Minister of Employment, Labor and Social Protection
- In office 29 June 2020 – 7 April 2021
- Preceded by: Mohamed Ben Omar

Personal details
- Born: 1966 Tiguindan Adar [de], Niger
- Died: 24 June 2021 (aged 54–55) Niamey, Niger
- Party: MNSD-Nassara MPR-Jamhuriya

= Mohamed Boucha =

Nigerien politician (1966–2021)

Mohamed Boucha (1966 – 24 June 2021) was a Nigerien politician.

== Biography ==
Boucha attended secondary school in Agadez, where he graduated in 1985. He attended the École nationale d'administration et de magistrature in Niamey from 1990 to 1993, where he studied business administration and accounting. He earned a master's degree in management from the University of Ouagadougou in 2011.

Boucha worked as an accountant and trainer for the Niger Armed Forces from 1987 to 2002. He then started his own accounting business in Agadez. From 2003 to 2007, he worked for the United Nations Development Programme, where he was a branch manager for the integration of former paramilitary fighters in northern Niger. From 2012 to 2013, he worked for the United States Agency for International Development as a coordinator responsible for the Agadez region.

Boucha began his political career as a member of the National Movement for the Development of Society (MNSD-Nassara), for which he stood in the 2011 election as a substitute for Hamed Haïdara Ag Elgafiat in the Agadez region. He served in several roles in the government of President Mahamadou Issoufou and Prime Minister Brigi Rafini. On 13 August 2013, he became Minister Delegate for the Budget. On 4 June 2015, he was assigned to advise Minister for Economic Affairs and Finance Saïdou Sidibé. That year, he joined the Patriotic Movement for the Republic (MPR-Jamhuriya), led by Albadé Abouba.

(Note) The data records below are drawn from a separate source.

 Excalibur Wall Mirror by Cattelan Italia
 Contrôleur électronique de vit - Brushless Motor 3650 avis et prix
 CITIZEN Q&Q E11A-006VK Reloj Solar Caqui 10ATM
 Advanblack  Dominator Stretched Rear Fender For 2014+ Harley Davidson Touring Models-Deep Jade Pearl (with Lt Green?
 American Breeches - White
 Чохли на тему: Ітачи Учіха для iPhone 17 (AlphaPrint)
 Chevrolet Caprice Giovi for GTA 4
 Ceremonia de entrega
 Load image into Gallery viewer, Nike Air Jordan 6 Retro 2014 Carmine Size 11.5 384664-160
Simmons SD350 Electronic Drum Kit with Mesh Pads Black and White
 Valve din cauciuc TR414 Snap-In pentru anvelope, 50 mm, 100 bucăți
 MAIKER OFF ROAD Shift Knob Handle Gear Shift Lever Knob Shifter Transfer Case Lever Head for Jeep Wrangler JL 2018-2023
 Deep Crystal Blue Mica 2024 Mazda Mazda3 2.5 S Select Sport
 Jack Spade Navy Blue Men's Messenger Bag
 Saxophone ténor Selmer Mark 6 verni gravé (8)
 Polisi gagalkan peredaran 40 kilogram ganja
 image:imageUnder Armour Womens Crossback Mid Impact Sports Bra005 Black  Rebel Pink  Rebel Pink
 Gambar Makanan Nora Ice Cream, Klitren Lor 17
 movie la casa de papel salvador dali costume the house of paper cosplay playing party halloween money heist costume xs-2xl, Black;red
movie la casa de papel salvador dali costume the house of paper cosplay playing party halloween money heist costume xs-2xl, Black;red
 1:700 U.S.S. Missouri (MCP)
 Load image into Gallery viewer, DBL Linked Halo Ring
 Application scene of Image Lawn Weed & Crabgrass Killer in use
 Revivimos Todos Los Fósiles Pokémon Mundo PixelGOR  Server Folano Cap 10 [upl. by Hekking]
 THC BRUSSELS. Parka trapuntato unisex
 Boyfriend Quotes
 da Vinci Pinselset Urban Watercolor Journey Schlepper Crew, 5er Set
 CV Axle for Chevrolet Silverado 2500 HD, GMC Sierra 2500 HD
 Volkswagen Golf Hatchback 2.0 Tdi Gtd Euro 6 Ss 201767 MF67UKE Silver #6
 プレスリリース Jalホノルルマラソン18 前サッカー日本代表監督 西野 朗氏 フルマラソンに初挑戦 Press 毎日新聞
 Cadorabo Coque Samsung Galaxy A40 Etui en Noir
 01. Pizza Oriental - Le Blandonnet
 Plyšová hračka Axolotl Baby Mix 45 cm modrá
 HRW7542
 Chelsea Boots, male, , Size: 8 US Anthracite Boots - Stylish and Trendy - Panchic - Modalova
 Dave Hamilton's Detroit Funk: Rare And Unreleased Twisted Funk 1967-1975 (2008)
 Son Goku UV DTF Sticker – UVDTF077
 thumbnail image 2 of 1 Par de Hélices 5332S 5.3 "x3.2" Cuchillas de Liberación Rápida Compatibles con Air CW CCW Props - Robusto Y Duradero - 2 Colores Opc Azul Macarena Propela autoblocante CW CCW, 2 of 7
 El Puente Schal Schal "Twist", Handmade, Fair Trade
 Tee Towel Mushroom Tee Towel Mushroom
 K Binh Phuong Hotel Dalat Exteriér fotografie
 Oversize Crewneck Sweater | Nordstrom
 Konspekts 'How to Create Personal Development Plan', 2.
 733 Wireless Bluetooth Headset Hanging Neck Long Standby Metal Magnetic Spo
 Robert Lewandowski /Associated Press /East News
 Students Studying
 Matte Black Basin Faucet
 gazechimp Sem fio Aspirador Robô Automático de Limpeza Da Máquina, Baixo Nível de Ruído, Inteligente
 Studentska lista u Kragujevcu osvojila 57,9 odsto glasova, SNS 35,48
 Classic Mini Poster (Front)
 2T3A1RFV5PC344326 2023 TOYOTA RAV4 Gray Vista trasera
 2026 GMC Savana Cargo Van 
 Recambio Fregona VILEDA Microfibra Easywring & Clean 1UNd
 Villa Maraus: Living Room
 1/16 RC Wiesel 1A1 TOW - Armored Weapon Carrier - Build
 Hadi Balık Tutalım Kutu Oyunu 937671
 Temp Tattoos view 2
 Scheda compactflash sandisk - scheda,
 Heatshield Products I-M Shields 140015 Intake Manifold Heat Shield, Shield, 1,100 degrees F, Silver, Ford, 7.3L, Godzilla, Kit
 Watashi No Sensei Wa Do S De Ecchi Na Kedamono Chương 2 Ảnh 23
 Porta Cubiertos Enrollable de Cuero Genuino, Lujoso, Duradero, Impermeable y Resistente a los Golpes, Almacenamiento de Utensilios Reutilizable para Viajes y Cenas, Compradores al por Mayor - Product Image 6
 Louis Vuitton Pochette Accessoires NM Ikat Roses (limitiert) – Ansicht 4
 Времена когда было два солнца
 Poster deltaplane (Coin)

On 11 April 2016, Boucha was appointed Deputy Minister of Agriculture for Livestock under Albadé Abouba. In 2020, he co-founded the Rally for Peace and Progress alongside Oumarou Alma, for which he first served as treasurer. The rise of the party led to a dispute between Boucha and Abouba, rendering progress between the two impossible.

Following the death of Minister of Employment, Labor and Social Protection Mohamed Ben Omar, Boucha succeeded him. Ali Gonki of the Social Democratic Party succeeded him as Deputy Minister for Livestock. On 4 December 2020, Boucha also became interim Minister of Post, Telecommunications and E-Business following the departure of fellow party member Sani Maïgochi to run for the National Assembly.

Boucha left the government on 7 April 2021. On 10 May 2021, President Mohamed Bazoum appointed Boucha to be his special advisor.

Mohamed Boucha died in Niamey on 24 June 2021 following a brief illness.